Italy: North and South

Italy: North and South

Until the victory of the Left in 1876 the Ministers who governed Italy were almost all Northerners, who considered the Southerners as lively, witty and eloquent beings but politically immature. In truth, the only immaturity was to be found in the heads of the “Piedmontese”, as was said at Naples after 1860, when they sat themselves down to serve out judgments on their brothers of the South. Only Cavour had foreseen the importance of an understanding with the South, but he died too soon.

After 1876 many of the most important Ministers were often from the South, but they belonged to the Left whose habit and rôle had been to criticize, not to govern, and that remained for long the victim of a reverential respect for high functionaries, who were honest but incapable of understanding new problems; people for whom going to the South as prefects or magistrates was worse than a punishment, almost a dishonour. The few Ministers of the Left who took office, like Nicotera, violated the law; and this increased the diffidence of the Direttori generali in regard to them.
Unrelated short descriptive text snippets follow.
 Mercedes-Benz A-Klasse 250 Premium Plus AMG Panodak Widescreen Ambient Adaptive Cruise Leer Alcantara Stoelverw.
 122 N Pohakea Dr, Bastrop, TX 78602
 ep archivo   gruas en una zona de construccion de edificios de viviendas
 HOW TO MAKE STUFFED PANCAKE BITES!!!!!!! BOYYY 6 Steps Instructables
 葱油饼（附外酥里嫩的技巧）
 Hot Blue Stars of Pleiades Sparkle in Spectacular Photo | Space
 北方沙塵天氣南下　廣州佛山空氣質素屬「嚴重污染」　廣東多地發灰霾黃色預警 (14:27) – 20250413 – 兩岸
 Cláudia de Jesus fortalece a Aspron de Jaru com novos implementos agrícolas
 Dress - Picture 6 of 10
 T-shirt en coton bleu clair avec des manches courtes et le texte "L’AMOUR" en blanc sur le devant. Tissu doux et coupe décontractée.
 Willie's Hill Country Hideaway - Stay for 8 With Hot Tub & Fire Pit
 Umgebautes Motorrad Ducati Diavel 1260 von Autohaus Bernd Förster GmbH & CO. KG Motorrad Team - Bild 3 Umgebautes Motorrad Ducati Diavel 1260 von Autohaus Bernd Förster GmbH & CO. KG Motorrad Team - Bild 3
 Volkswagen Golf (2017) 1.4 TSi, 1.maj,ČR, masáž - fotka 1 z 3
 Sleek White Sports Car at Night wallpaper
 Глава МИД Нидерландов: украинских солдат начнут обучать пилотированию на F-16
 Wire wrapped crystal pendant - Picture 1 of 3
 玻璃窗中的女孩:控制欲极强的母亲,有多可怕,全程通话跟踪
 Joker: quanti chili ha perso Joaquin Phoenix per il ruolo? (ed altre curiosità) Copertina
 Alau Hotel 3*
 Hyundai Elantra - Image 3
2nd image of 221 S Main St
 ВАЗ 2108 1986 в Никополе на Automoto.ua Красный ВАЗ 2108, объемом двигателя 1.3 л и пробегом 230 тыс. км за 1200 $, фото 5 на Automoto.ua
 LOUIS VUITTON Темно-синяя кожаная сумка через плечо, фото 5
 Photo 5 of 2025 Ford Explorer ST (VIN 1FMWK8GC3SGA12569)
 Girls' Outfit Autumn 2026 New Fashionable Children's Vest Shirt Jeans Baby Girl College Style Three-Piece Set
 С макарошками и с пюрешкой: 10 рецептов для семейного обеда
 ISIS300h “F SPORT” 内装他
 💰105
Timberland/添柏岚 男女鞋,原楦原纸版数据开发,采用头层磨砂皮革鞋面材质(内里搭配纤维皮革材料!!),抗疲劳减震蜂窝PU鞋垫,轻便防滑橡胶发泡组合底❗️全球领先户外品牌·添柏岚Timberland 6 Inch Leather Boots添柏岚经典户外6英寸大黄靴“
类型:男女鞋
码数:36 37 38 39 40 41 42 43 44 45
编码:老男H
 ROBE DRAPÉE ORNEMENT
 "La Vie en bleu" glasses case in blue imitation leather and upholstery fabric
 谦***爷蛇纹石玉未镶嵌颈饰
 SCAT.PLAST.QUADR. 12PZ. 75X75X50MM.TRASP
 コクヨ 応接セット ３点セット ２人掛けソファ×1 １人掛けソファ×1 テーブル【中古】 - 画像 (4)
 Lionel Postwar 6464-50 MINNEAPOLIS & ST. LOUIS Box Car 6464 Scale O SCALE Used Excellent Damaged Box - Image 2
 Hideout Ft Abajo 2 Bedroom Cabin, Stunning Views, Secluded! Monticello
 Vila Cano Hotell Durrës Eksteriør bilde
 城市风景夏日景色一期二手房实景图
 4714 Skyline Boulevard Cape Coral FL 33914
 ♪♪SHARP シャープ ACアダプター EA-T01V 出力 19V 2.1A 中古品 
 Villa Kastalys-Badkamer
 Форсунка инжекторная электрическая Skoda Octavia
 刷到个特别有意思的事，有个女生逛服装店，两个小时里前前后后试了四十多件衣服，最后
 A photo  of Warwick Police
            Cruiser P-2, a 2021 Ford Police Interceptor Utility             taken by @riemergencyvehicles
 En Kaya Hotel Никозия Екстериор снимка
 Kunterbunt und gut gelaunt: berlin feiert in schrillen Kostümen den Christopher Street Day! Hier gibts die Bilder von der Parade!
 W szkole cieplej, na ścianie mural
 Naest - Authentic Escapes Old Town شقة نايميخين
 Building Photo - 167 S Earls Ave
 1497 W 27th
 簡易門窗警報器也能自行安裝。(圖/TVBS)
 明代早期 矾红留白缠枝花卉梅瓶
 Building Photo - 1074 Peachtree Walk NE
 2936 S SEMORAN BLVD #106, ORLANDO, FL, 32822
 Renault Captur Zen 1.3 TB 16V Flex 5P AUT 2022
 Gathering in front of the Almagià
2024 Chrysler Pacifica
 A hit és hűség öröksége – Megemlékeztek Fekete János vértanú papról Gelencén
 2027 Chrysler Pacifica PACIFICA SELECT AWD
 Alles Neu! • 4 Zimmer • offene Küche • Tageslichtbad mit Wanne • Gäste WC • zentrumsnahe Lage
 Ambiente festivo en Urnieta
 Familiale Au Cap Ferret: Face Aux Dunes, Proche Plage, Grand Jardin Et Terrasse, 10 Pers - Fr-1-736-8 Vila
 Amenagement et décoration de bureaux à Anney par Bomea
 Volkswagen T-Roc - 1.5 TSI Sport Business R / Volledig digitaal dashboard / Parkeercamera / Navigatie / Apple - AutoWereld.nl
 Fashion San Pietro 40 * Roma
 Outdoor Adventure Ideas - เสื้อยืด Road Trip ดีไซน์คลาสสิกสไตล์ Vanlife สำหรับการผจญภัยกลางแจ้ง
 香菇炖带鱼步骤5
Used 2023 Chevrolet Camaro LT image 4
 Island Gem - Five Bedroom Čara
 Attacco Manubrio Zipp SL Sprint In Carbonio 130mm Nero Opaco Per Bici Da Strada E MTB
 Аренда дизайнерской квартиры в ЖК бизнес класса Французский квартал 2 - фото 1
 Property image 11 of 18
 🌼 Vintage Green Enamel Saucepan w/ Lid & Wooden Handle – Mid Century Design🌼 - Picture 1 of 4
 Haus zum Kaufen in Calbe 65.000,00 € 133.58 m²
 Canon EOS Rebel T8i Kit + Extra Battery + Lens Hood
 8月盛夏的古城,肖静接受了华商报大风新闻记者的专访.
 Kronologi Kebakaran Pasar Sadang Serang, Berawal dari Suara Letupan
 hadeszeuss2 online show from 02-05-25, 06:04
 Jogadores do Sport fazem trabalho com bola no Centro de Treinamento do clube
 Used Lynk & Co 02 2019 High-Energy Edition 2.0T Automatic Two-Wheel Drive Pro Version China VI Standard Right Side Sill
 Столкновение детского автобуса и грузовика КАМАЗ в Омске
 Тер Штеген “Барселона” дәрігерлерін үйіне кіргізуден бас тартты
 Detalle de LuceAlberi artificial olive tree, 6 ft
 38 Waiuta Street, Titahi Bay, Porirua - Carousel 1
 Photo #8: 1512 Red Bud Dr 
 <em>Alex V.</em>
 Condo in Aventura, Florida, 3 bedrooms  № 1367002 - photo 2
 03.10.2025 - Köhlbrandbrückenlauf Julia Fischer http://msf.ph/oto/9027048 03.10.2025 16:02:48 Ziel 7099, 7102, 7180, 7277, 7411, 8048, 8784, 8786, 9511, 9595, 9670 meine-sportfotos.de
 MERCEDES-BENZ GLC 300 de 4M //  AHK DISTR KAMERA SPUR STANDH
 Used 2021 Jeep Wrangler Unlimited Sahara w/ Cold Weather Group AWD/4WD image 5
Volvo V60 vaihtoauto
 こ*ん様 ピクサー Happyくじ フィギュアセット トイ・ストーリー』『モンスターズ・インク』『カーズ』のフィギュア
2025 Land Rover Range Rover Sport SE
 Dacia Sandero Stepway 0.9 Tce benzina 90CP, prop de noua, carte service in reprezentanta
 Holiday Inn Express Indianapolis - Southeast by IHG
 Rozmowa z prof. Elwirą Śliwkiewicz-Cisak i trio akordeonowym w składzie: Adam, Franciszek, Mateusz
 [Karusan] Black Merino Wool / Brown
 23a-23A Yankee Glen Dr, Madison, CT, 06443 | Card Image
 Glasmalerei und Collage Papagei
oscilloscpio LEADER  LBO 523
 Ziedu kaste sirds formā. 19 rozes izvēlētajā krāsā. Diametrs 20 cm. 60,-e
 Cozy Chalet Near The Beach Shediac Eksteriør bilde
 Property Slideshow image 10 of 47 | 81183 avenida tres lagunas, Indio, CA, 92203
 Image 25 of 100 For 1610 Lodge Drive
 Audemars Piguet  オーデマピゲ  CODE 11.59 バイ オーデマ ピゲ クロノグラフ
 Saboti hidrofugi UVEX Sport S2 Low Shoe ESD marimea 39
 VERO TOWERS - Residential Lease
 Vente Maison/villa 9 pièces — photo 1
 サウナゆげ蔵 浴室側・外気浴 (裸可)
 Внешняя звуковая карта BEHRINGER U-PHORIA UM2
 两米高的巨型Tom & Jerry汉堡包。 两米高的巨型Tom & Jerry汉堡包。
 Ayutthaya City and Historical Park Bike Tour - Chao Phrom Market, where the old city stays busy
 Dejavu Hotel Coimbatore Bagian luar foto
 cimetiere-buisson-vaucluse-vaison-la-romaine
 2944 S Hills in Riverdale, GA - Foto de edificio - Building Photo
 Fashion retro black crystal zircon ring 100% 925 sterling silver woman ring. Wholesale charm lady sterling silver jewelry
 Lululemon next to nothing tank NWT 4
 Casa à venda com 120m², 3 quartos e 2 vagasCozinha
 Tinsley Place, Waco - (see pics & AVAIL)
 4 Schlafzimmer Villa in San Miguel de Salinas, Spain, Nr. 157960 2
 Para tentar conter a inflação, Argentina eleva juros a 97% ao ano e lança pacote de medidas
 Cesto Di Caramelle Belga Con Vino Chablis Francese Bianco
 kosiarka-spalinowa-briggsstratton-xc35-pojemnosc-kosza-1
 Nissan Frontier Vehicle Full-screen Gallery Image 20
For the rest, never in our history has there been a constant passing to and fro between the North and the South, nor do Northerners go to live in the South and vice versa. Only one of our ancient classical writers knew and loved the South: Boccaccio. One of our delights in reading Dante is to discover at every moment a verse which describes with an unforgettable touch the most varied aspects and landscapes of our country; but there is not a single one of the South; for Dante never described what he had not seen.

Petrarch never went to the South, nor Ariosto, Machiavelli nor Manzoni. Leopardi was in Naples, but he was ill; Mazzini was there as a prisoner.